”Would you go into a CD store and steal a CD?” Britney Spears asks, making an analogy to unauthorized Internet downloading of music files. ”It’s the same thing, people going into the computers and loggin’ on and stealing our music.” Spears, Madonna, and dozens of other artists are making such statements in a new industry-sponsored ad campaign aimed at discouraging online music piracy.
The multimillion-dollar campaign will include TV spots featuring Spears, Nelly, Missy Elliott and others speaking out against illicit file-swapping. The campaign also includes print ads headlined, ”Who Really Cares About Illegal Downloading?” Answer: a list of 89 artists, including Spears, Madonna, P. Diddy, Eminem, the Dixie Chicks, Shakira, Nelly, Elliott, Stevie Wonder, Elton John, Sting, Nas, Luciano Pavarotti, Diana Krall, and Sheryl Crow. The full-page ads began appearing Thursday in the New York Times, the Los Angeles Times, the Congressional newspaper Roll Call, and other papers.
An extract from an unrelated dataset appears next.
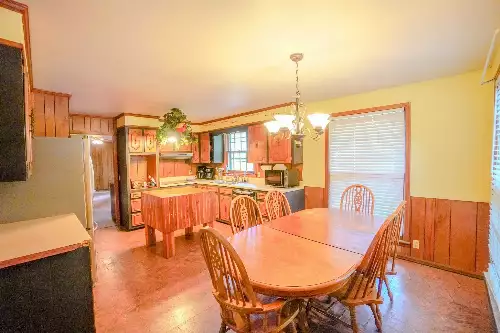 1094B Center Point Rd, Hendersonville, TN  37075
It’s not clear how effective a campaign will be that advertises in papers not known for their readership among young music listeners, or that includes statement by millionaires like Sean ”P. Diddy” Combs, saying ”Put yourself in our shoes!” Nonetheless, the industry considers piracy a serious threat, blaming it for the 5 percent drop in CD sales in 2001 and the 7 percent drop in the first half of 2002.
Thursday also marks the start of Congressional hearings on Internet piracy. The House is expected to explore efforts by the major labels to provide legal, paid downloads, efforts which have been criticized not only for failing to provide a cheap and easy-to-use alternative to piracy, but also for possible antitrust violations that make it difficult for independent labels to compete online.